The Tigers were still waiting for their doctors’ official reading of the MRI, but Barbato has been battling shoulder tendinitis in the rotator cuff area of his right shoulder.
“We just want to get him well now,” Gardenhire said. “That’s what we’re going to try to do.”
Barbato gave up five runs in the seventh inning of Friday's 10-0 loss to the Indians, including a grand slam home run to Yonder Alonso. Afterward, he told Gardenhire that his shoulder has been bothering him on and off for three months and he couldn’t pitch through it any longer.
Gardenhire was befuddled by that.
“I wish he could’ve said that somewhere else,” he said. “I wish he would’ve said it when he was down (in Toledo). Maybe they could’ve got him well.”
Gardenhire was perplexed because Barbato had thrown a light bullpen session earlier in the day Friday.
“He asked to throw a little bullpen, he wanted to throw a little touch-up,” Gardenhire said. “If you are hurting, I don’t think you’d want to do that, you know? But he did it.
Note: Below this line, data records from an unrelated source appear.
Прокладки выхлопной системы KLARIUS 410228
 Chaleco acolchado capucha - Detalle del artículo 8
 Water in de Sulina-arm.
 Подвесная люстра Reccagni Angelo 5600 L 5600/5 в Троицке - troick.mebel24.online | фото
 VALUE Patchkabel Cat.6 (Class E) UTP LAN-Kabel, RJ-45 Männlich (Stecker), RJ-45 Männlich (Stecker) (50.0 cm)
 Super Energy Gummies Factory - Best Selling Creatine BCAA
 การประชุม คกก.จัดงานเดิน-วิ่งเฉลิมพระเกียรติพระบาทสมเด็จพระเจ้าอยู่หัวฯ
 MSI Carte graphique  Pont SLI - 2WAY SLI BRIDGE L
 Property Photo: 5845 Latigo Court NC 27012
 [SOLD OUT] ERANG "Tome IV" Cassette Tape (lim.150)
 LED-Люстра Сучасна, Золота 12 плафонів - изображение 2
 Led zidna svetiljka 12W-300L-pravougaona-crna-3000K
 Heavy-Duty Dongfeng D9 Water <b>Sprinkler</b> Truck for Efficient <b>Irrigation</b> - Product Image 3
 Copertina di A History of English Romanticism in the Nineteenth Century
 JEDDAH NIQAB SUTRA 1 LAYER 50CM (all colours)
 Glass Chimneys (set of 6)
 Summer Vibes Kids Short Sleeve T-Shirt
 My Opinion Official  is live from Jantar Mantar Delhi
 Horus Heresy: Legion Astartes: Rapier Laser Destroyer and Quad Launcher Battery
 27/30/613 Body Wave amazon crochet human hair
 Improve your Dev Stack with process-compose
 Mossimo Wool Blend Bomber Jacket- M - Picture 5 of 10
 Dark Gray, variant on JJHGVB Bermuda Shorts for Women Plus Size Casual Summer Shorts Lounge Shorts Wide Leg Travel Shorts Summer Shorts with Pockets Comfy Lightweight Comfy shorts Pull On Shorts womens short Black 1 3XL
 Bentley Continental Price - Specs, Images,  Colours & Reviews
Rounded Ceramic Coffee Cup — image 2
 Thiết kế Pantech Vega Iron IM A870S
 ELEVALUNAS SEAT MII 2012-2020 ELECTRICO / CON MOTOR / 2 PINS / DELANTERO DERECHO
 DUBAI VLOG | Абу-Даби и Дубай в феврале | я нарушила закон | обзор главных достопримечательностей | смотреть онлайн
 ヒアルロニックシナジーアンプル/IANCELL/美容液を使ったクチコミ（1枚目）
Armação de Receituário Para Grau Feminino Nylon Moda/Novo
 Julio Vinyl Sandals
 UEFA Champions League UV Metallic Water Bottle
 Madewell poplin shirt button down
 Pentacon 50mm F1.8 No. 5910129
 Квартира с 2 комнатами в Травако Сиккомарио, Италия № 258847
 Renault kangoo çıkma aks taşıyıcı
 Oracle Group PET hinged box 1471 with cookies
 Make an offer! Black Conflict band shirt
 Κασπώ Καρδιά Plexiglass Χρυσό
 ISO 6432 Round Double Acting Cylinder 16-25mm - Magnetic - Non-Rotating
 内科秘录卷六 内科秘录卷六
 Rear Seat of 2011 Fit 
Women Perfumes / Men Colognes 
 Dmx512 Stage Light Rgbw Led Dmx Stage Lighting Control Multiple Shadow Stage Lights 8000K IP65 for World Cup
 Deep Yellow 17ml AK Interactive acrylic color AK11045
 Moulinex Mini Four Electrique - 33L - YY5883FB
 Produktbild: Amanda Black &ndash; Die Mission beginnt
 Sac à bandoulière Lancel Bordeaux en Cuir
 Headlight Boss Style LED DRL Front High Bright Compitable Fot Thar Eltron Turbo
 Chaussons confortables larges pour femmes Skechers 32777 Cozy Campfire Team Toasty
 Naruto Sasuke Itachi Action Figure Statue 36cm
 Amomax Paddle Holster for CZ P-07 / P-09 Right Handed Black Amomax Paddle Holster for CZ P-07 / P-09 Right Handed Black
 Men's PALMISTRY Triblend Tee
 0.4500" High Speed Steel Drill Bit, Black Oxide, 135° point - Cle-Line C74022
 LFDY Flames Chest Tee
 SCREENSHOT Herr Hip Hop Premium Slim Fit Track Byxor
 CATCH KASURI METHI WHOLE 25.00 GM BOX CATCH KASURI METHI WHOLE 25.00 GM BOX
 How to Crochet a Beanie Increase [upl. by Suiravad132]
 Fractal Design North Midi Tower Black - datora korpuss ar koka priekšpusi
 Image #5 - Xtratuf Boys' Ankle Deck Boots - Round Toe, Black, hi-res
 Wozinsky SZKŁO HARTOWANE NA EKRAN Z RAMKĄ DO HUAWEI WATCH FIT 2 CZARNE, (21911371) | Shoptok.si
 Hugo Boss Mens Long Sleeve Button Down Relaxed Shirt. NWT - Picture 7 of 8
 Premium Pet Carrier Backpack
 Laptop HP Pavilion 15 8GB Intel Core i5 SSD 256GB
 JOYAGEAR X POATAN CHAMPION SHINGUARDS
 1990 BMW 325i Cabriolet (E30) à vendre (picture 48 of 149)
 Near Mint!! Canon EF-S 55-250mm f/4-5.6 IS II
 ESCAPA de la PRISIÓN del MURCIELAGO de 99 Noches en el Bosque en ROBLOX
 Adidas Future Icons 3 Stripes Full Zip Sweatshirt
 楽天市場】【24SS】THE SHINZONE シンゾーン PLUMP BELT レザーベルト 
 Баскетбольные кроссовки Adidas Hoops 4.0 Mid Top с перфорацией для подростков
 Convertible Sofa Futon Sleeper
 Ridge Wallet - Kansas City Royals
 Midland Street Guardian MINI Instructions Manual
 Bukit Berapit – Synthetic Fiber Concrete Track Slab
He threw a little touch-up and then he pitched and he says he can’t do this anymore.
“That kind of bothered me.”
Gardenhire was adamant that he wasn’t questioning the injury. He understands that players, every player, tries to play through pain — especially those on the bubble between Triple-A and the big leagues.
“But why would you want to throw a touch-up when your shoulder’s been bothering you for three months?” Gardenhire said.
How'd Lindor do it?
Tigers reliever Alex Wilson threw a pitch up and in to left-handed hitter Francisco Lindor leading off the fifth inning. The pitch was chin-high and Lindor couldn't even extend his arms on his swing.
But somehow, he was able to not only fight the pitch off, but drive it on a line into the right-field seats.
"He just — he's just a good hitter," is all catcher James McCann could say about it.
Lindor may have even surprised himself, judging from the sheepish grin he shared with his teammates as he rounded third base.
"Pretty frustrating," said Wilson, who retired the next six batters with three strikeouts. "I felt great. I felt like I was throwing the ball great, and he tomahawks one down the line like that. Just tip your cap and get on with your day.
"Nothing else I could do. Up and in and somehow he got his barrel on it and kept it fair."
Wilson shook his head.
"He's got crazy pop, everybody knows it," he said. "But it's real frustrating. I don't know how he did it. I don't even think he knows how he did it."
Left-handed reliever Daniel Stumpf, who is on the disabled list with ulnar nerve irritation, pitched a clean inning of relief in his second rehab outing for the Mud Hens on Friday. He struck out two of the three batters.
“He threw it over the plate and we got good reports on him,” Gardenhire said. “But we’re still trying to figure it out.”
Stumpf will pitch again for the Mud Hens on Monday or Tuesday, and he can stay on a rehab assignment for as long as 30 days.
“The big thing is, he’s been out for a while and he’s thrown two times,” Gardenhire said. “He’s going to say he’s feeling great and they are going to all say he did great. But we still want to make sure he gets enough innings and he’s totally healthy.”
Around the horn
The Tigers have set their rotation for the upcoming Oakland series at Comerica Park: Monday — Jordan Zimmermann; Tuesday — Blaine Hardy; Wednesday — Mike Fiers; Thursday — Michael Fulmer.
Zimmermann and Hardy will be on nine days of rest, Fulmer eight. Fiers will be on normal rest.
…The Tigers have been shut out nine times this season, second most in the Major Leagues.